BEGIN Exercise inputs

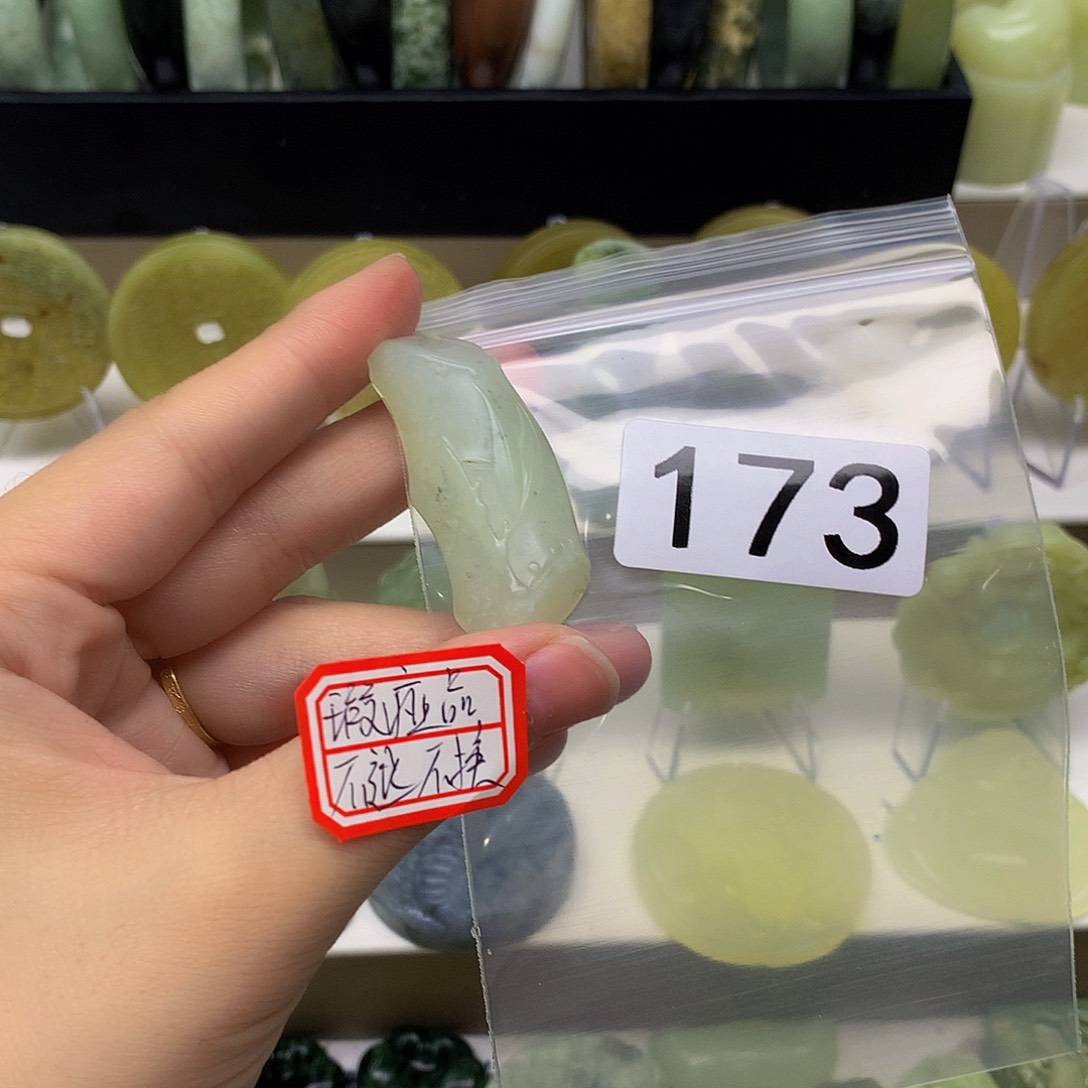蛇纹石玉颈饰未镶嵌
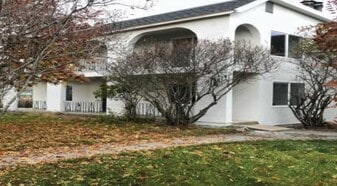 3609 Richmond Ave in Anchorage, AK - Building Photo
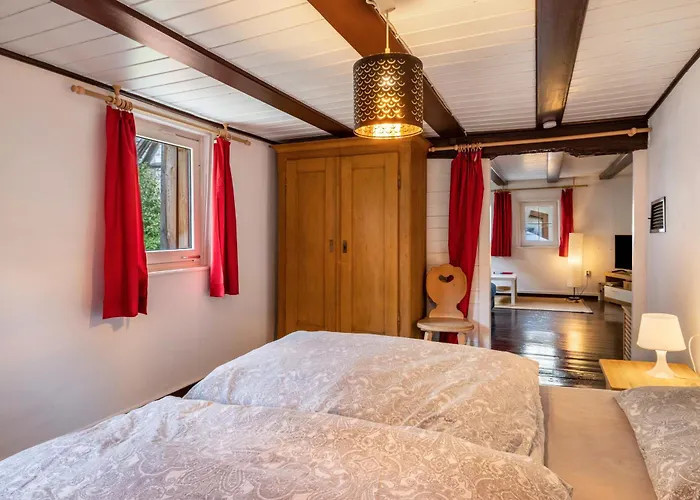 Haeusle An Der Huele Nyaraló *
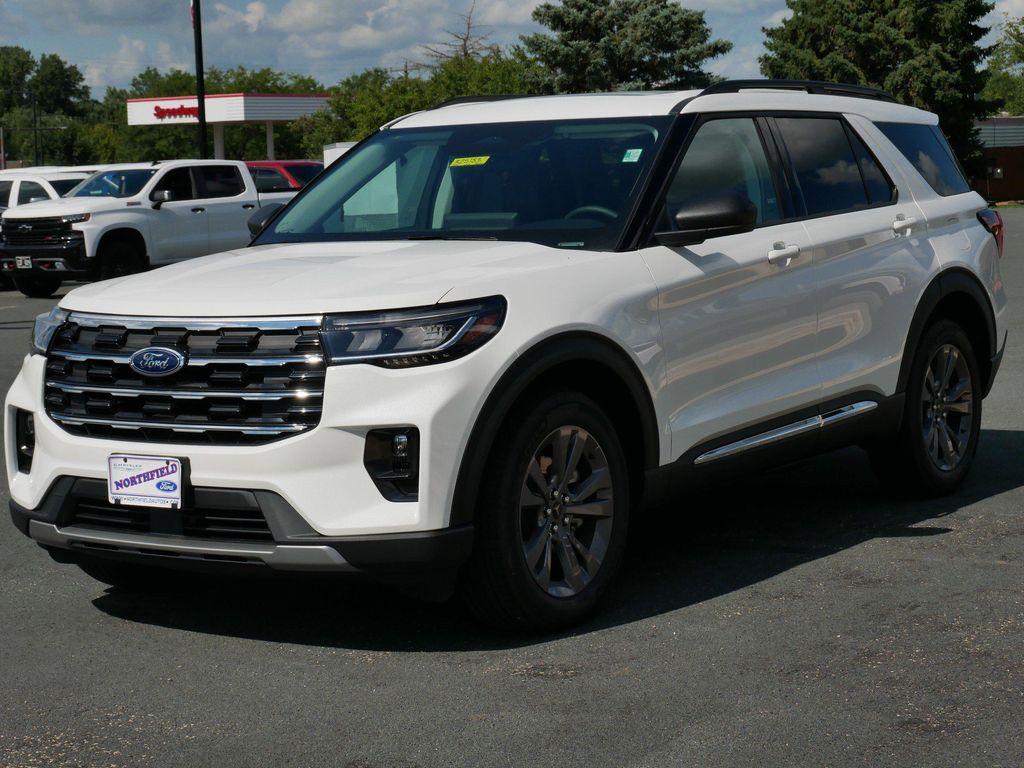 new 2025 Ford Explorer car, priced at $46,365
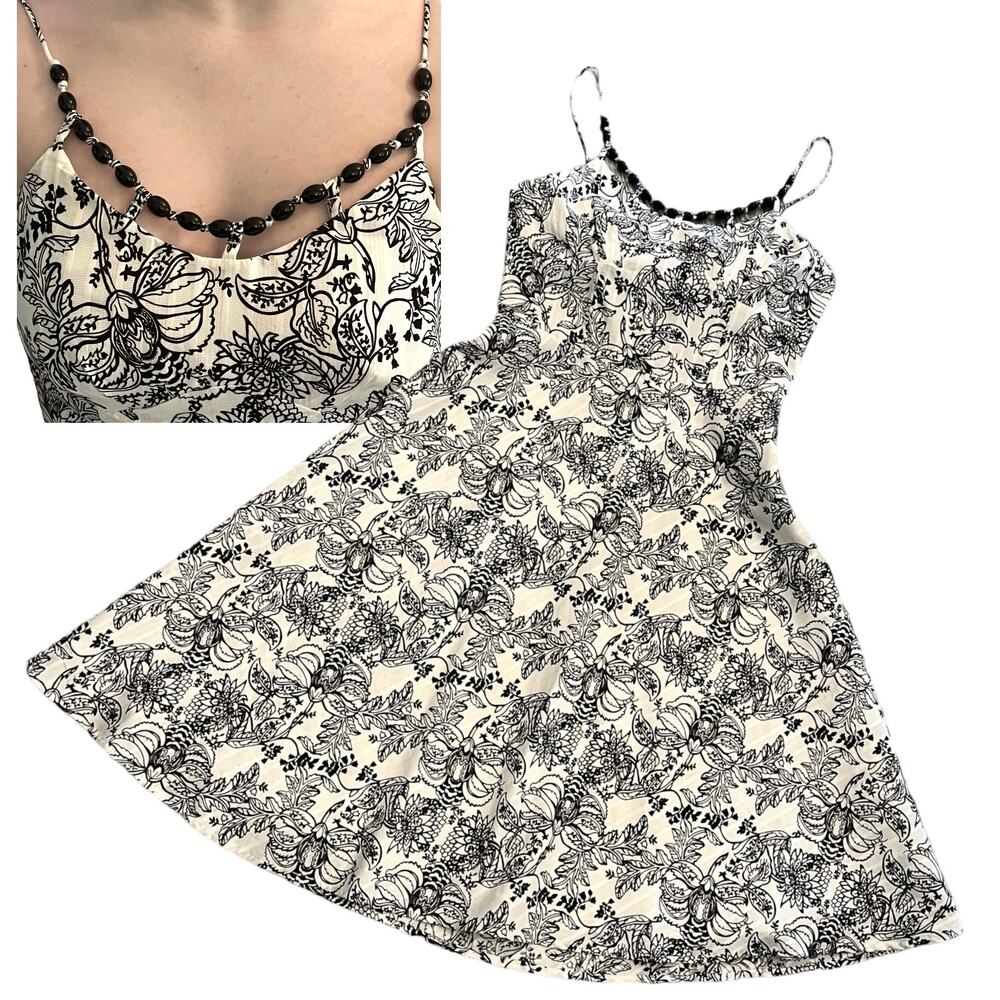 Ann Taylor Loft Fit Flair Black White Floral Dress Womens Sz 0 Petite Mob Wife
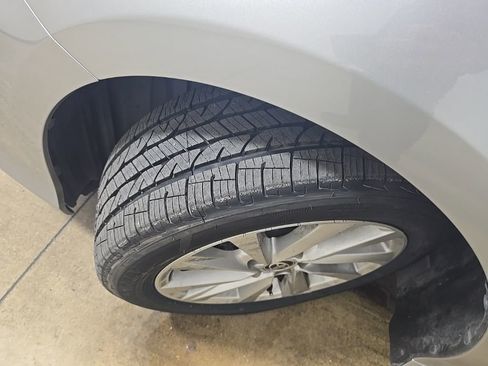 Used 2023 Toyota Camry LE image 17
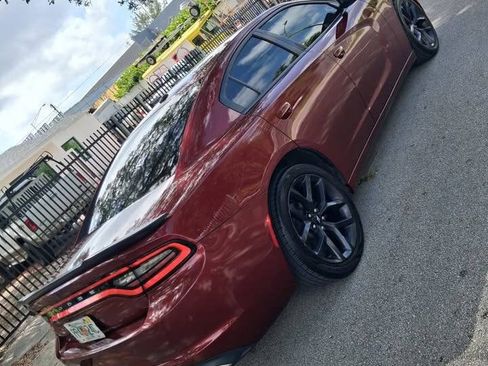 Used 2019 Dodge Charger SXT w/ Blacktop Package RWD image 4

END Exercise inputs

## How to complete this task
Word-for-word restatement: every line from the one with "Ann Taylor Loft" through the final line of the data, both ends included, pictures excluded.

## Result of this task
 Ann Taylor Loft Fit Flair Black White Floral Dress Womens Sz 0 Petite Mob Wife
 Used 2023 Toyota Camry LE image 17
 Used 2019 Dodge Charger SXT w/ Blacktop Package RWD image 4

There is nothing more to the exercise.